This is not to say that someone who has had an enduring lack of desire for all forms of sexual activities, including partnered sex and masturbation, should not be labeled asexual. They should, in my view. This is because, as mentioned above, this person would lack sexual attraction for others (although perhaps not lack romantic attraction), along with lacking additional sexual processes (e.g., no sex drive). In fact, using an enduring lack of sexual desire for all sexual activities is, perhaps, a more stringent definition of asexuality than the one I have proposed, because it would include a lack of sexual attraction
A couple of miscellaneous factors remain. One concerns sexual identity. Why not define an asexual person as anyone who, in fact, defines himself or herself as asexual? This is a reasonable question, and self-definitions/identities are important in a number of ways. For one, considering self-definitions respects the way someone chooses to label him or herself. There are also many interesting research and health issues about forging a sexual identity, including an asexual identity, as we will discuss in chapter 7. But is self-definition the best way to understand the main factor(s) underlying asexuality as a sexual orientation and/or as a phenomenon? Because one’s sexual identity is often formed by a variety of factors—such as knowledge of a label or labels, comfort level with coming out, and political and other factors—many sexologists, including myself, are often wary of using self-identification as the key dimension in defining sexual orientation.[11] As mentioned above, many sexologists define sexual orientation in terms of sexual attraction, as we believe it is the “psychological core” of sexual orientation.

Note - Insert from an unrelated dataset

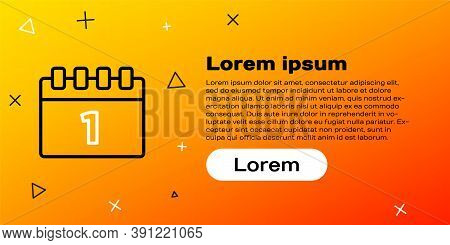 Line Calendar With First September Date Icon Isolated On Yellow Background. September 1. Date And Ti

Another miscellaneous factor is pleasure. When we think of sex, we may think of sexual attractions, arousal, and desire, but we also think of pleasure. And when we do think of the pleasures of sex, we usually associate it with the arousal aspect (e.g., feelings of pleasure associated with erections and vaginal lubrication and the intense pleasure when physical arousal culminates in an orgasm). This makes sense because the organs of sex most directly associated with physical arousal (i.e., penis, clitoris, vagina) are brimming with nerve endings, which ultimately connect to the pleasure centers of the brain that are capable of making us experience intense pleasure. But all aspects of the sexual experience, broadly defined (including attraction, behavior, and desire), elicit a certain amount of pleasure. For example, a heterosexual man may experience pleasure at the mere sight of a beautiful woman (attraction) without ever—alas!—experiencing the physical pleasures (arousal/orgasm) of sex with her.
You may be thinking that this discussion on sexual pleasure is interesting, but also wondering, yet again, what all of this has to do with asexuality. Do asexual people lack sexual pleasure, and with all aspects of sex? It is likely the case that some asexual people may not have pleasure with many, if not all, aspects of sex, but a lack of pleasure does not seem to be the key defining factor associated with asexuality. Some asexual people do, for example, have arousal experiences and evidently receive pleasure from these experiences, as one of the quotes above, repeated here, demonstrates: “everything works fine, pleasurable and all, it’s just not actually attracted to anything” (Brotto et al., 2010, p. 612). How many asexual people do nonetheless receive some level of pleasure from their arousal is unknown, but it is clear that a lack of sexual pleasure is not a defining feature for all asexual people.